We are at a critical inflection point, one that fundamentally reshapes the future for both cloud service providers (CSPs) and enterprise buyers. The industry is rapidly moving beyond “AI as a chat box” and hurtling toward “AI as an autonomous workforce.” Today’s single-agent demos, running in a simple while loop, are the “hello, world” prototypes of a new computing era. 

The future isn’t one hyper-intelligent agent; it’s a swarm of millions. Why? Specialization.

A single company isn’t one hyper-productive CEO. It’s a team of specialists in finance, engineering, marketing, and logistics, all collaborating. Complex AI problems are no different. You wouldn’t ask one agent to run a global supply chain, design a silicon chip, or manage a live marketing campaign. These tasks require a team of specialized agents —a PlannerAgent, a ResearchAgent, a DataAnalystAgent, a SecurityMonitorAgent, and a NotificationAgent — all working in concert.

For CSPs, this shift represents the next generation of massive compute demand and a new, high-value AI platform to host. For enterprise buyers, this marks the opportunity to achieve unprecedented levels of automation and operational efficiency.

However, this also creates an unprecedented infrastructure problem. A swarm of millions of autonomous agents, all reasoning, communicating, and accessing data simultaneously, cannot run on today’s siloed architecture. It’s an infrastructure nightmare, creating problems of cost, security, and complexity.

The Bottleneck: The Environment vs. The Swarm

The primary challenge in scaling from a single agent to a swarm is the lack of infrastructure designed for multi-agent orchestration. Today’s agent deployments typically rely on general-purpose infrastructure—virtual machines, containers, or serverless functions—that wasn’t built with swarm coordination in mind. While modern platforms can scale individual components, they lack the integrated primitives agents need to operate collectively at scale.

This creates critical bottlenecks that make swarm deployment challenging:

  • The coupled scaling problem: General-purpose infrastructure doesn’t natively understand agent-specific resource patterns. An agent’s compute needs (LLM inference) and memory needs (vector stores, conversation history) scale differently, but standard deployment models don’t provide first-class primitives for independent scaling of agent-specific resources. You end up either over-provisioning or constantly reconfiguring infrastructure to match workload patterns.
  • The state and amnesia problem: Agents need durable, accessible state across invocations—conversation history, tool outputs, intermediate reasoning. Standard platforms offer generic databases or object storage, but lack agent-native state management that understands semantic context, supports efficient retrieval, handles state synchronization across multiple agents, and survives infrastructure changes. Developers must cobble together solutions from generic components, leading to fragility.
  • The communication bottleneck: Coordinating thousands of agents requires high-throughput, asynchronous, observable communication patterns. While message queues and event brokers exist, they’re not agent-aware—they don’t understand task delegation, result aggregation, or semantic routing. Implementing swarm coordination on generic messaging infrastructure means building the orchestration layer yourself, which is complex and error-prone.
  • The security and identity silo: In a monolithic setup, each agent is an island. It has to manage its own secrets and API keys. The platform provides no central, secure identity or tool execution service, creating thousands of individual security risks instead of one manageable one. This lack of centralized management extends to vital infrastructure like Model Context Protocol tools, which also become disparate and difficult to govern across the agent ecosystem.

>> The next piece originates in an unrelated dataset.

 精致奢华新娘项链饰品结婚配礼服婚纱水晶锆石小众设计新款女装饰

These aren’t agent failures; they’re platform gaps—the absence of infrastructure primitives purpose-built for multi-agent systems.

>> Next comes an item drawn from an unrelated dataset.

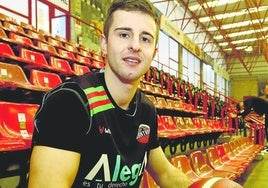 Álvaro Palazuelos en su etapa en el Grupo Alega Cantabria.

A Shared, Decoupled Foundation for Running AI Agents

VAST’s architectural approach to this problem is built on a core design principle: compute and state must be fully separated, but all compute resources must have shared, high-speed access to a global, consistent state layer.

It turns out that agentic workloads are a perfect fit for this model. Rather than running agents in an “all-in-one-box” environment, we can run the separate functions of an agent—its compute logic, its reasoning, its state, and its communication—as their own layers on our platform. The agent’s logic (CPU) runs on one set of resources, while its state and memory (storage) live on another, accessible by all. CPU compute, GPU compute, storage, and networking can all be scaled independently, which opens the door for efficiently and economically serving large numbers of autonomous agents.

The primary advantage of this disaggregated architecture is the ability to scale only the component that is the bottleneck.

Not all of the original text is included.